**WHAT THE TASK REQUIRES:** The data below holds a line containing "Mikołajki, 3 Maja, 10, mapa Mikołajki" and a line containing "Áo dài tết cho"; please quote exactly those two lines and every line between them, and nothing else.

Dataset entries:
┄┄┄┄┄┄┄┄┄┄

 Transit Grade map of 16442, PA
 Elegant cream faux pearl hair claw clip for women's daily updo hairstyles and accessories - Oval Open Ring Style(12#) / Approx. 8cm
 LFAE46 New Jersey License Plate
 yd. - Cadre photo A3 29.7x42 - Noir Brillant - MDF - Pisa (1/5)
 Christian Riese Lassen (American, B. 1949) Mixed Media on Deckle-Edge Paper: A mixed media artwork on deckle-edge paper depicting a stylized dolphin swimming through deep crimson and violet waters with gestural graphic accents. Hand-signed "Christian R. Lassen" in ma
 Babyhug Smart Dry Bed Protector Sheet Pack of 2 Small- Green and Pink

┄┄┄┄┄┄┄┄┄┄

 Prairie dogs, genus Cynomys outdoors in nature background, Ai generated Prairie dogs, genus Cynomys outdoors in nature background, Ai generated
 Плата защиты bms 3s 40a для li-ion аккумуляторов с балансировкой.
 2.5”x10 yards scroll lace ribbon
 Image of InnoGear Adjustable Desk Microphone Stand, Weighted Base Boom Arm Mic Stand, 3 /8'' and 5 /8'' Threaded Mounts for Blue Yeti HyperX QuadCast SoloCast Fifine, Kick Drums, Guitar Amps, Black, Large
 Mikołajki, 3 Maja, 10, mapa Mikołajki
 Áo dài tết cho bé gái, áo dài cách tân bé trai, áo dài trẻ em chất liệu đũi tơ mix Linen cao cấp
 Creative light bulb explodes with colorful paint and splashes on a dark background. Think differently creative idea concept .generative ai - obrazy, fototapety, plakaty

┄┄┄┄┄┄┄┄┄┄

**RESPONSE FOR THIS EXERCISE:**
 Mikołajki, 3 Maja, 10, mapa Mikołajki
 Áo dài tết cho bé gái, áo dài cách tân bé trai, áo dài trẻ em chất liệu đũi tơ mix Linen cao cấp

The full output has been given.